Meanwhile, steam the remainder of the cauliflower until very tender, then transfer to a large bowl and mash until crumbly. While the cauliflower is roasting and steaming, sauté 2 cups red onions in 2 tablespoons ghee until softened. Stir in 1 teaspoon cumin, 1/2 teaspoon turmeric, and 2 cloves minced garlic. At this point, you’ll notice that the kitchen smells so enticing! Transfer this aromatic melange to the bowl of steamed, mashed cauliflower. Stir in 3/4 teaspoon salt, a dash of cayenne and black pepper, 1/2 teaspoon baking powder, and a couple tablespoons cornmeal. Bind the vegetables with 3 lightly beaten eggs.
By this time, the roasted cauliflower is ready to remove from the oven. Set aside 12 slices to crown the top of the muffins. Chop the remainder of the roasted cauliflower into small pieces, and stir into the bowl with a few tablespoons chopped cilantro. The verdant-flecked yellow cauliflower mix positively glows! Spoon evenly into muffin tins—the silicon kind is my favorite for ease—and bake about 20 minutes until golden and firm.

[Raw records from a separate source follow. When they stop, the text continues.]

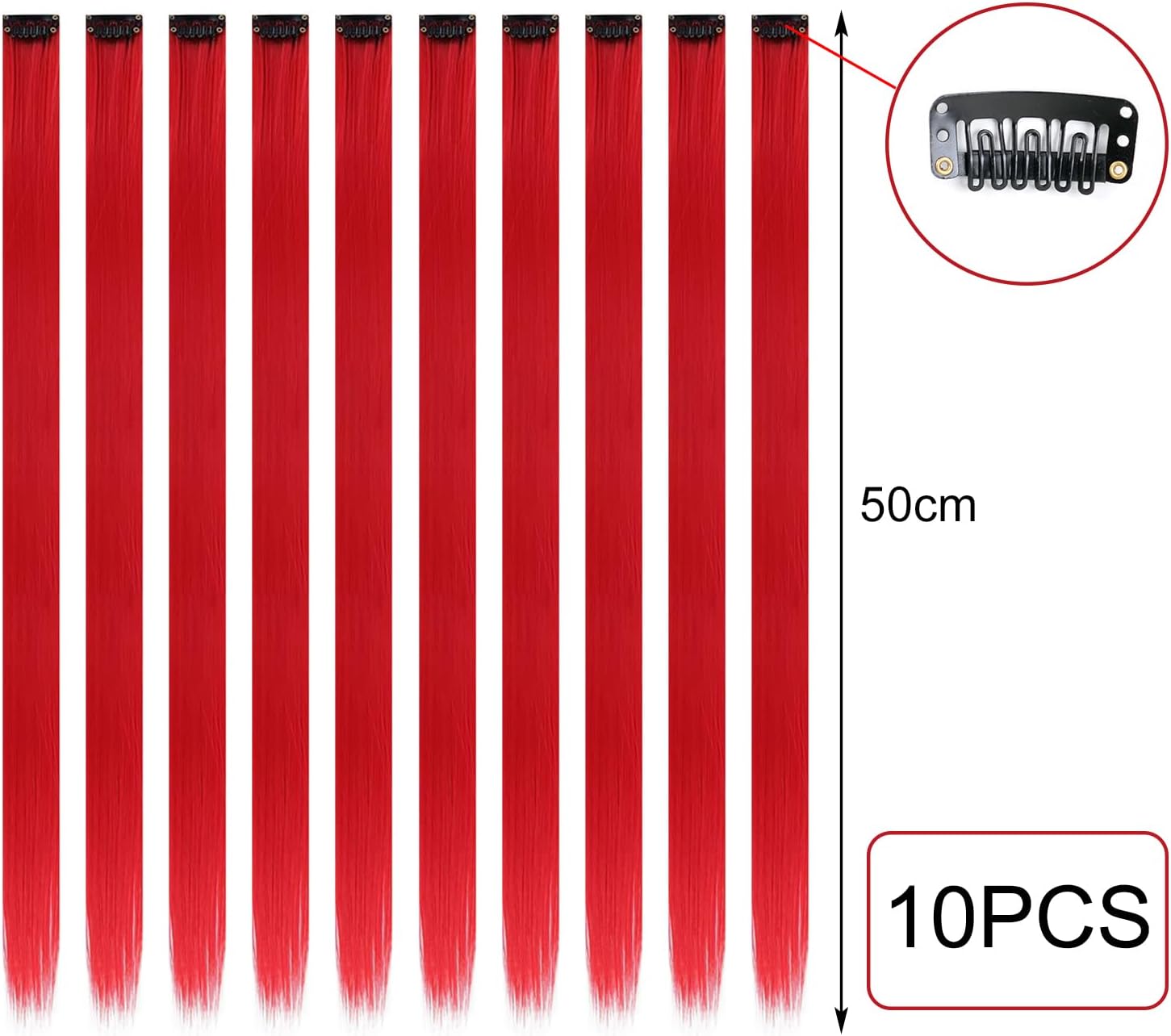 Extensions à clip cheveux - 22 pouces - mèches colorées raides, rouge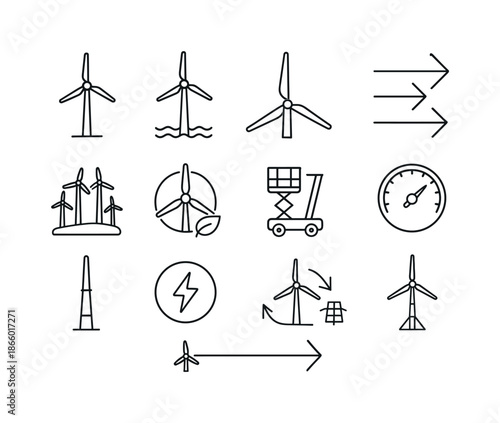 Wind Energy Icons. Wind Energy Adoption. Line icon set of Wind Energy Adoption: wind turbine, offshore turbine, turbine blade, wind flow arrows, wind farm
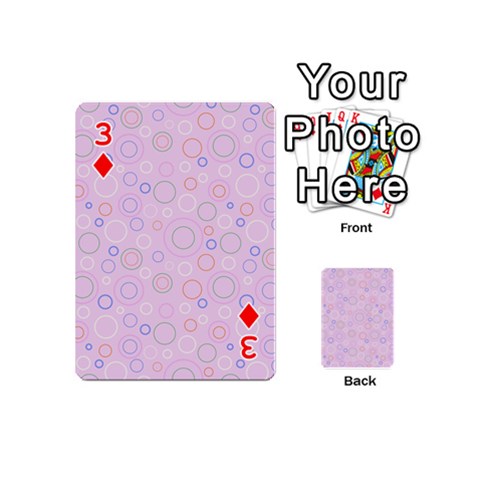 Multicolored Circles On A Pink Background Playing Cards 54 Designs (Mini) from ArtsNow.com Front - Diamond3
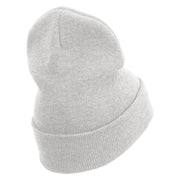 Day Travel Embroidered 12 Inch Long Knitted Beanie - White OSFM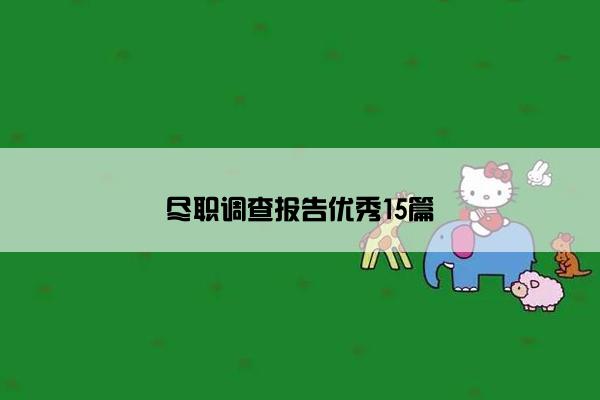 尽职调查报告优秀15篇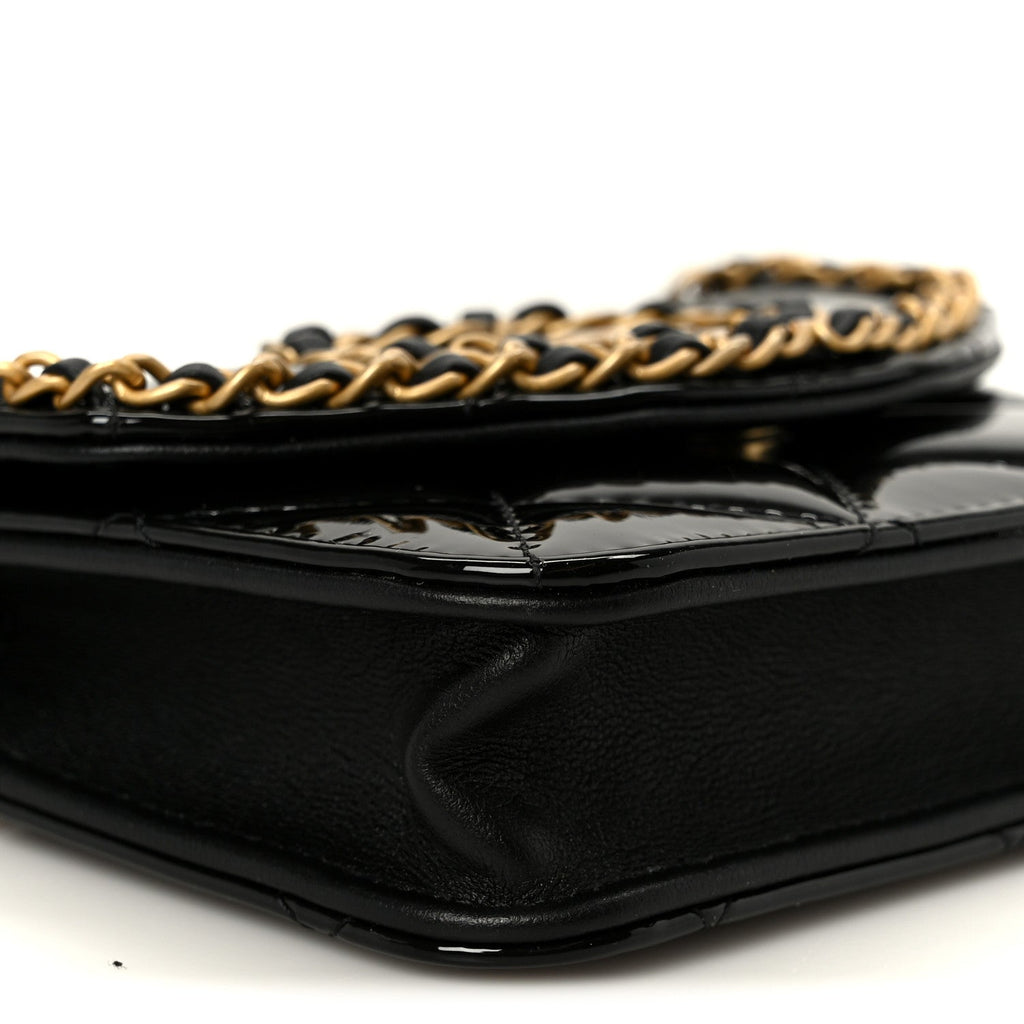 Chanel Patent Quilted Chain Around Heart Mini Chain Flap Black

The second muffin presented in the video is a take-off on a spanakopita. To begin, sauté a cup of chopped onions in 2 tablespoons olive oil over medium heat until nice and softened, about 7 minutes. Let the onions cook while you wilt the greens. In the video version, I use a combination of Swiss chard and spinach—a pound and a half all together, but use whatever greens looks freshest and most appealing. Wilt the washed greens in a skillet, using tongs to push the wilted leaves to the bottom. There’s no need to add extra liquid, and there’s no need to use a large skillet; the big pile of greens you started with shrinks down to an astonishingly small amount! You do need to drain the cooking liquid from the wet greens well, however. To do this, let them cool in a strainer and grab handfuls from which to wring out the excess liquid. Alternatively, transfer the greens to a ricer— I show this technique in the video—and squeeze out the liquid while the greens are piping hot. What a great use for a tool designed for potatoes! Next, dump the greens out on a cutting board, chop them into small pieces, and transfer them to a bowl.
Now stir in the rest of the ingredients. Fresh herbs enliven the mixture; the combination of 1/4 cup dill and 1/2 cup parsley lends delightful freshness. Sprinkle in some nutmeg and mix in a 1 1/2 cups feta cheese. Goat’s or sheep’s milk are especially delicious and digestible. Add 2 tablespoons of your favorite flour—I use rice in the video—and 1/2 teaspoon baking powder and salt. 4 eggs bind the mixture together; now the batter is ready to be divided into muffin holders and baked to perfection, about 20 minutes at 375˚.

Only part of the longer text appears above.